Portia is an awkward 16 year old who having recently lost her mother is now an orphan. She goes to live with her half brother Thomas and his wife Anna in London. Portia and Thomas have the same father. Up until this time, Portia and a her mother had lived a nomadic life, moving from one cut rate European hotel to another. She had no real home and no lasting relationships. She is innocent of the dangers of having faith in other people.
All the adults in the novel seems to lack the capacity for outward emotion. Thomas is vaguely aware of Portia's presence in the house. Anna is plainly put out by it. Portia is not so innocent that she does not perceive this. She records her observations of life in the house in her diary. Anna finds the diary and of course reads it. She then discusses it with her friend St. Quentin. Anna doesn't seem to have any female friends. Her other friend, Eddie, who has been openly flirting with Anna for years, seems to take notice of Portia for the first time when she hands him his hat in the hallway one day. Charmed by her gesture and sensing an easier quarry, he writes Portia a note thanking her for her thoughtfulness and calling her a darling. This of course sets Portia on the road to unhappy romance with Eddie, and Eddie being the despicable cad that he is, let's it happen for the sake of amusement.

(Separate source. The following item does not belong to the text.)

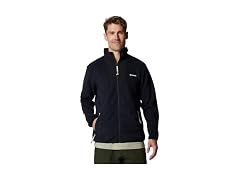 Columbia Men (XL) Sequoia Grove Full Zip Fleece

The crisis of the novel comes when Portia learns that Anna has read her diary. She goes to Eddie for solace, but he pushes her away, now afraid of her ernest affection for him. He implies that Anna is his lover and that he and she discuss Portia often. This mammoth betrayal is too much for Portia. She then runs away to Major Brutt, a sad, dull, penurious hanger-on of Anna's, who himself lives in cut rate hotels. He has been kind to Portia and sent her puzzles to do. She confides in Major Brutt that they two are the same, unwanted and laughed at by Anna. She begs him to marry her. She is sadly trying to recreate the secure existence she had with her mother, but with a father figure instead.
Major Brutt refuses. He insists on calling Thomas and Anna to let them know where Portia is. Portia agrees to this, but says she will base her decision on whether or not to return to Thomas and Anna's house on how the two respond to the situation.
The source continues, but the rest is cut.